Main power plugs/connectors have a finite cycle life (how many times they can be plugged & unplugged) before they start wearing out, pitting & carbon burning from ESC capacitor charging arcs, oxidation, dirt, or the spring tension of the contact points starts getting weak. 

All conditions or a combination will give you an increasingly poor connection with increased resistance over time. This generally starts showing up as power drop-offs or worse, cut-outs & restarts under high current loading meaning it's time to replace your connectors. Yep, I've been there and have the sad remains of the heli as a reminder! 

Why did this happen and what is the RC connector lesson to take away from this crash? As it says above, a hidden problem with the male sprung bullets in the EC5 connector. 

Because spring bullets have a sleeve that wraps around the main body of the pin, there actually is not that much contact area in relation to the length of the pin. Only the small top and bottom area of the sleeve are in direct contact with the inner pin.

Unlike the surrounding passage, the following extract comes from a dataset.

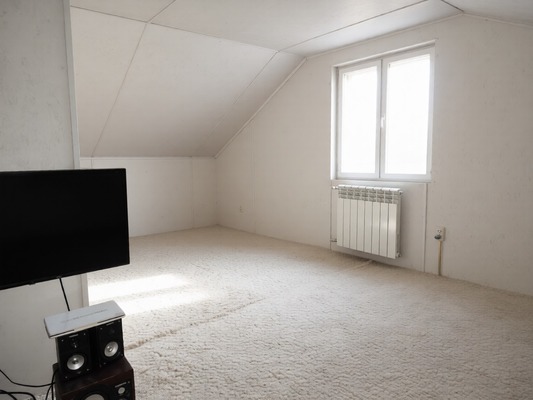 Продам дом, КП Земляничная поляна тер, 120, Матчино д, 0 км от города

In addition to a rather small "contact patch", this area is completely hidden from view. In fact, this is the very last connector I pulled out to check because on the outside, it looked practically new, and was still very stiff to plug/unplug. Only when I decided to pull the sprung sleeve off did I notice the significant carbon pitting on both the top and bottom of both pins where the sleeves make contact.

I still get sick to my stomach thinking about how a $2 connector destroyed a rare 700 Blackshark F3C fuselage and why I didn't catch it before hand considering my almost obsessive maintenance regiment. Of course this had to happen when I was way out at one end of the field over a large stand of pine trees as I climbed to do a half cuban 8.

The ESC powered down as I was pulling almost full collective, and I didn't have the altitude or height to auto back over the the safety of the field. If something bad is going to happen, it will usually do so at the most inopportune time. 

I later confirmed several voltage drops and then the big one that powered down the ESC by looking at the Castle Link flight log data (a wonderful tool). Thus the search & checks of all battery wiring and the connectors, only to find the very last one on the ESC was the issue even though it looked perfectly fine. I have since talked to three other people who have been experiencing power drops and coincidentally, all were using sprung sleeved bullets. Upon inspection, the same hidden carbon pitting was verified.

This is why I'm now converting all my EC5's over to XC90's. They are a "split pin" type so there is no hidden part of the pins and they have a larger contact area. I'm not saying the EC5 or sprung bullets are bad connectors, I have had nothing but good success with them up till now, and this is only my personal experience and a few others - totally anecdotal evidence.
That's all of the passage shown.